De plus, souvenons-nous qu’en 1958 les rédacteurs de la Constitution ne pouvaient pas prévoir l’évolution culturelle du demi-siècle suivant qui allait peu à peu dénaturer leur rédaction aux yeux du public : cette formulation de « chef des Armées », tout en étant sans signification de commandement ni d’autorité, est aussi facile à mémoriser qu’un slogan publicitaire. Il faut se souvenir que 1958 n’était pas encore l’époque de « Omo lave plus blanc » ni de toutes ces expressions publicitaires qui ne veulent rien dire mais se mémorisent aisément. A l’époque, l’on détectait facilement les expressions vides de sens parce qu’on n’en avait pas encore pris la soporifique habitude. La Constitution fut votée dans le contexte d’une époque où, plus facilement que maintenant, l’attention restait en éveil devant les formules creuses. C’est ainsi qu’il faut encore la comprendre aujourd’hui : l’expression « chef des Armées » est seulement protocolaire et ne contredit en aucun cas, excepté le cas exceptionnel de l’article 16 dont je parle ci-après, les dispositions des articles 20 et 21. L’expression « chef des Armées » ne veut rien dire de plus qu’un simple aménagement du protocole républicain.

Quant au feu nucléaire, c’est en cohérence avec l’article 16 de la Constitution qu’il est organisé pour pouvoir être mis en oeuvre par le Président. Voici l’article 16 : « Lorsque les institutions de la République, l'indépendance de la nation, l'intégrité de son territoire ou l'exécution de ses engagements internationaux sont menacées d'une manière grave et immédiate et que le fonctionnement régulier des pouvoirs publics constitutionnels est interrompu, le Président de la République prend les mesures exigées par ces circonstances ». L’on sait à l’évidence que le feu nucléaire, s’il devait être déclenché, ne le serait que dans ces circonstances. Hors de ce cas exceptionnel, le Président ne dispose aucunement de la force armée et il n’en est le chef que symboliquement.

Il est utile de rappeler et réaffirmer ces évidences lorsque, pour des motifs divers, les uns ou les autres cherchent à abuser des textes. Actuellement des militants socialistes sont un peu embarrassés par la décision de Lionel Jospin de suivre l’Administration Bush en Afghanistan pendant qu’à titre de Premier ministre il conduisait la politique de la Nation et disposait de la force armée. Ces militants socialistes essaient de transférer la responsabilité de l’erreur afghane sur Jacques Chirac, qui était alors Président. Ils le font à l’aide des arguments que j’ai réfutés plus haut : nous sommes en Afghanistan, selon eux, non parce que le Gouvernement Jospin l’a décidé, mais parce qu’à cette époque Jacques Chirac était « chef des Armées ». Rien n’est plus faux que cet argument rejetant sur le Président du moment l’origine de notre engagement militaire en Afghanistan : cet argument des socialistes n’est qu’une façon de se défausser d’une faute du gouvernement Jospin. Ces militants socialistes feraient bien de réfléchir et d’assumer au lieu d’entretenir ainsi une ambiguïté nocive.

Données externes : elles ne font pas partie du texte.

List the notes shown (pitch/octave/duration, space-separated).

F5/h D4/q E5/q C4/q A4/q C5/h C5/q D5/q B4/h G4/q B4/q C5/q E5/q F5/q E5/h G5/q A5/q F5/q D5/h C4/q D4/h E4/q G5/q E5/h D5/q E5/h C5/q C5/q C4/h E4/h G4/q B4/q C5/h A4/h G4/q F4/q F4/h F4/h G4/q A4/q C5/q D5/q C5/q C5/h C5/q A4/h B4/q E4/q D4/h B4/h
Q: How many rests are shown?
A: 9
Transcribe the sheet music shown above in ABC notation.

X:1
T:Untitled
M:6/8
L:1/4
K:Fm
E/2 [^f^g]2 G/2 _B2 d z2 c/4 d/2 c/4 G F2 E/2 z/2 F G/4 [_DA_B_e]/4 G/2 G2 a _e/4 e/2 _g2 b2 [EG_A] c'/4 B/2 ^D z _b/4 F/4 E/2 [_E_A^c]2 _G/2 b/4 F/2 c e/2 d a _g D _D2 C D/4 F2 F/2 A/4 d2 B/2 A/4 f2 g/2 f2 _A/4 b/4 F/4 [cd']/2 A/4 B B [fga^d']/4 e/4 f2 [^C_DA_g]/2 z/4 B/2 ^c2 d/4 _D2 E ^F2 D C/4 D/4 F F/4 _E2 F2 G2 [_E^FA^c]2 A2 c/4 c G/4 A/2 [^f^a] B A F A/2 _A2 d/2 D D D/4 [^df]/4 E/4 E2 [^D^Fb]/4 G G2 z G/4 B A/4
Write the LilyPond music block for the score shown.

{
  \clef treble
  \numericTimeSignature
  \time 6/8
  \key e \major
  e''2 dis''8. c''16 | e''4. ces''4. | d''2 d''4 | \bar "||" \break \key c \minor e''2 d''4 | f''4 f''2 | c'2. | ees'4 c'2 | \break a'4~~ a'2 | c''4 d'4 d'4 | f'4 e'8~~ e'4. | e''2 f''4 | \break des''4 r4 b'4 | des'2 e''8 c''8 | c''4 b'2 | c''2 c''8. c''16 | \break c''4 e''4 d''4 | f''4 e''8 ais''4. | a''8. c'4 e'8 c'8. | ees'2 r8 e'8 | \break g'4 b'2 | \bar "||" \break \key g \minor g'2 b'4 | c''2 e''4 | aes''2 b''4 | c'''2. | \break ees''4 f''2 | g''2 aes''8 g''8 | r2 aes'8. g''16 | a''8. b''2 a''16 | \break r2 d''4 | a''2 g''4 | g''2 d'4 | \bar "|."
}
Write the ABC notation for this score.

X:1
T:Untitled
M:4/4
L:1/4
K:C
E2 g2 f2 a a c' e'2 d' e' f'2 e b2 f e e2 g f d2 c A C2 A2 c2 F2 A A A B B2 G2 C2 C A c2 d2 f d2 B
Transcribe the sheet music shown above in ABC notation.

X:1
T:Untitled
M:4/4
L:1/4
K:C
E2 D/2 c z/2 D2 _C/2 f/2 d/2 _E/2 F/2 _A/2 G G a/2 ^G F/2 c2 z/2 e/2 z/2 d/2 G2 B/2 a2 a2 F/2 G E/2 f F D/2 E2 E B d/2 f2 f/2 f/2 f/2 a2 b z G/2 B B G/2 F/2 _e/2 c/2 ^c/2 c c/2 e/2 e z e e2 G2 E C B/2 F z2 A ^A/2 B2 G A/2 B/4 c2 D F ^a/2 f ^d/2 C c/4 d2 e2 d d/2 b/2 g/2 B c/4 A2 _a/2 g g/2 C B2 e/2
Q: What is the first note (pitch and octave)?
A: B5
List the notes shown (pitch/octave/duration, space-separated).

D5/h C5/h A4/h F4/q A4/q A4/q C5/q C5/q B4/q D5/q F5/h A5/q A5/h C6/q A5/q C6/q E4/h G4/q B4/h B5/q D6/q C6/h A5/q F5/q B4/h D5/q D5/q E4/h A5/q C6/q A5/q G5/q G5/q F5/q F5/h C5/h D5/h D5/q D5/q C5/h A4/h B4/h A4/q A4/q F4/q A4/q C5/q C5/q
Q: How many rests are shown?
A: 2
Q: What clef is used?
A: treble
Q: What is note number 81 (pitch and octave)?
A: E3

Mais peu importe les antagonismes de militants politiques irresponsables : ce qui importe, c’est que les missions assignées aux militaires ne peuvent pas s’accommoder d’ambiguïté quant à l’autorité responsable qui assigne ces missions. Les missions accomplies par l’Armée consistent, au nom de la France, à menacer de mort des ennemis désignés. Parfois il faut mettre cette menace à exécution. Par conséquent c’est seulement dans une situation juridique claire que nos militaires peuvent accomplir leurs missions. En dehors du cas exceptionnel de l’article 16 c’est le Gouvernement, et personne d’autre, qui dispose de la force armée.